Superstitious beliefs often only recourse for Cambodia's sick
In times of ill-health and hardship, many Cambodians turn to spirit mediums. Could these superstitious beliefs be a symptom of a failing healthcare system?
On a hot and dusty Saturday afternoon, Cambodian father and son Nget Bun Thoeurn and Nget Sy arrive at a one-room concrete home in Kampong Cham’s provincial capital seeking relief for several maladies afflicting Sy. The 20-year-old suffers from constant headaches, is stressed and doesn’t get along with his co-workers.
For the price of KHR10,000 ($2.50) and a large packet of incense they are seeking help from their local fortune teller, or kru teay, named Touch Sros.
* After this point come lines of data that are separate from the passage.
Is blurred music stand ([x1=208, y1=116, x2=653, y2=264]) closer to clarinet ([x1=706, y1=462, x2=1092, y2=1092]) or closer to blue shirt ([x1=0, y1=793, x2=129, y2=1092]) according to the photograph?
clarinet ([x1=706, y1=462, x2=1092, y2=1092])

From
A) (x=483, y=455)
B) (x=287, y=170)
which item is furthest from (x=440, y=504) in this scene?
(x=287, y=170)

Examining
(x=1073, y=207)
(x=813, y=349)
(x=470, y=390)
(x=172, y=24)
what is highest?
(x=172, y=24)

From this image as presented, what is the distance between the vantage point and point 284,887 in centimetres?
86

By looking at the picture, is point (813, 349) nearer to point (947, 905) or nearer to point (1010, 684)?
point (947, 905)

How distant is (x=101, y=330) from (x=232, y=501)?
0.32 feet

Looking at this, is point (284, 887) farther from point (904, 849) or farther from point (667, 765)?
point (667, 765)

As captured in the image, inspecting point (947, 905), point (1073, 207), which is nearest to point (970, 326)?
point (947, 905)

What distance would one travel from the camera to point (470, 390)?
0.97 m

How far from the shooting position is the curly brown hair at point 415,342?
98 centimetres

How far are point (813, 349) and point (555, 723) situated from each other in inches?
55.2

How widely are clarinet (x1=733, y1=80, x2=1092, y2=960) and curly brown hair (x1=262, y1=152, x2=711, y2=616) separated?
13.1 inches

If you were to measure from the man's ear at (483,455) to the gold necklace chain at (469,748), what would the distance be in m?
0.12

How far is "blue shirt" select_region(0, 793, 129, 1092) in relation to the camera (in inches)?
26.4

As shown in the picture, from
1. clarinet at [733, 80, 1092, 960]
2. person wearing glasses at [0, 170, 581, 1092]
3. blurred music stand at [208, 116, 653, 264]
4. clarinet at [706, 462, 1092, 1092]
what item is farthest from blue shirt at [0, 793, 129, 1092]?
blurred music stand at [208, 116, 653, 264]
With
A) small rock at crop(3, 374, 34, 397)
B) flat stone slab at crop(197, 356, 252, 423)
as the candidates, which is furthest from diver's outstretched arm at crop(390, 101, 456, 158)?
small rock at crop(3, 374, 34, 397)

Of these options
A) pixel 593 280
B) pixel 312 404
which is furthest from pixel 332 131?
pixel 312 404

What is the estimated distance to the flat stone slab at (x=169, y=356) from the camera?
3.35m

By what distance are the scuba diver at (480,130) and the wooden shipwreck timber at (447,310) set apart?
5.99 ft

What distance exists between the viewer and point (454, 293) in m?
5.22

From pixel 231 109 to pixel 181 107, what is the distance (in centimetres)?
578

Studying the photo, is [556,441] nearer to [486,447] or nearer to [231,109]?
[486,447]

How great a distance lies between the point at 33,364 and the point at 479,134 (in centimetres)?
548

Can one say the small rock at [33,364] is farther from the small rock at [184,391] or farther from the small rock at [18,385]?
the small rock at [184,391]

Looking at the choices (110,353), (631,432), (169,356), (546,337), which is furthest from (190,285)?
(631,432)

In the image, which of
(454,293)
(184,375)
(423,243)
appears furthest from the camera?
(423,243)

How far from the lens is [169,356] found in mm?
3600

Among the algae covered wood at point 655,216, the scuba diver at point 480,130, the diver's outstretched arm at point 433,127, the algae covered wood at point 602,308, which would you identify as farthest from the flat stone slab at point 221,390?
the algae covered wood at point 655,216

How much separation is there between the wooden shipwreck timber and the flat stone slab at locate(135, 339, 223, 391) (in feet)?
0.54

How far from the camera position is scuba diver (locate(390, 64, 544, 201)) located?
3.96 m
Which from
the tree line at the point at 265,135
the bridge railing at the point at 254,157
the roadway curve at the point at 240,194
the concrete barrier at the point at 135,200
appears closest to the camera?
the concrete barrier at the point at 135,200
This is a first-time visit for the young man, but Thoeurn, 40, has been here several times for health or business concerns. “Sometimes, when I have sickness or [pain in my] limbs, I go to see the doctor and get injections. But when I come here, I want to know about dark magic [plov ngo ngit], which means it’s something that doctors can’t see and understand, only fortune tellers,” he says.
After praying at the shrine and having his fortune read, Sy buys a silver amulet for a small extra sum. Sros ties the green string that holds the amulet around his client’s waist while chanting deep incantations.
“The fortune teller tells me that my son is discriminated against and looked down on by many people wherever he goes. When I get home, I will do a ceremony according to what the fortune teller tells us. Later on, we will be fine,” Thoeurn says after the reading.
Sros, 46, may call himself a “fortune teller” but his work is broader than simply predicting marriages or job prospects. He dispenses herbal medicines, sells talismans, proffers life advice and tells his clients when they have angered their ancestors.
He is, in actuality, one of Cambodia’s legion of traditional spirit healers, known as kru khmer. They perform a variety of services, acting as something approaching a combination of doctor, therapist and priest, resolving issues as banal as personal conflicts between neighbours and performing complex rituals to remove powerful curses.
Cambodians are not unique in seeking out the spiritual as a salve to their problems. Traditional healers exist across Southeast Asia, as do deeply rooted beliefs in the power of spirits and ghosts. These beliefs are based on a system of faith that predates the advent of Buddhism and have survived by adapting to cultural changes over the centuries.
In Cambodia, supernatural beings are widely believed to be responsible for a range of health and spiritual problems, from mental illness to chronic pain. Kru khmer fill a critical need in a country chronically short on doctors and trained pharmacists. Despite the popularity of kru khmer, working with spirits and ghosts – essentially practising what Westerners might term ‘magic’ – can be a dangerous occupation for those accused of using bad spirits to stir up trouble.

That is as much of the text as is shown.